# To do:
A faithful copy of the data, pictures omitted, is the required answer.

# Available data:
————
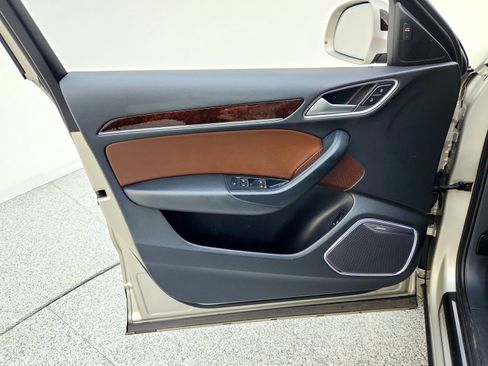 Used 2018 Audi Q3 2.0T Premium Plus w/ Premium Plus Package image 21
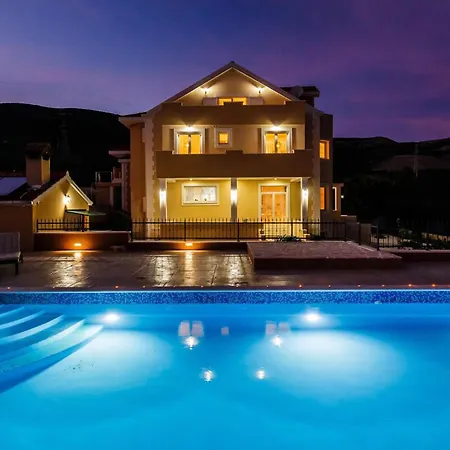 Amazing In Holiday home Kastel Stafilic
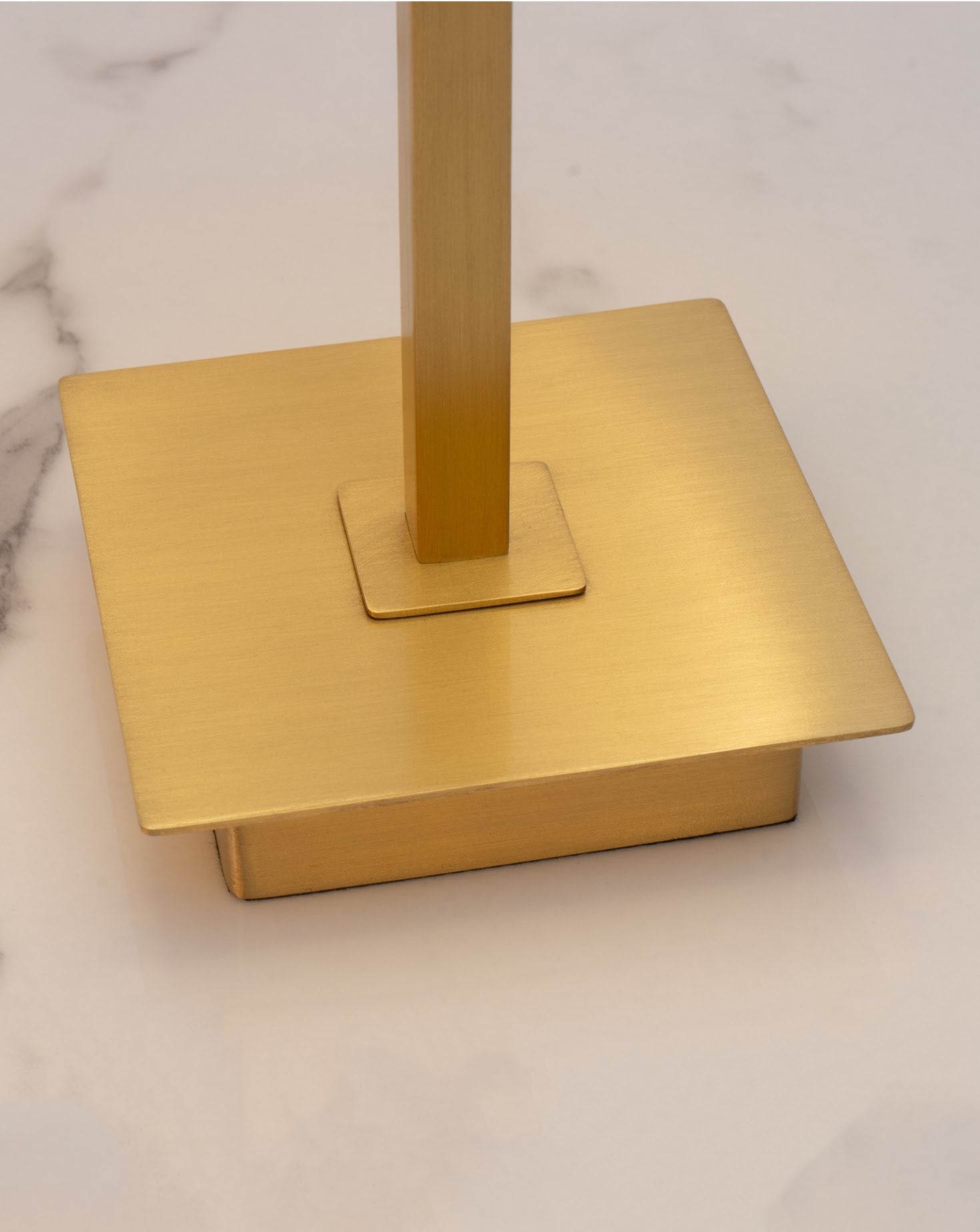 Oakmont Rechargeable Flame Table Lamp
————
# Answer space:
 Used 2018 Audi Q3 2.0T Premium Plus w/ Premium Plus Package image 21
 Amazing In Holiday home Kastel Stafilic
 Oakmont Rechargeable Flame Table Lamp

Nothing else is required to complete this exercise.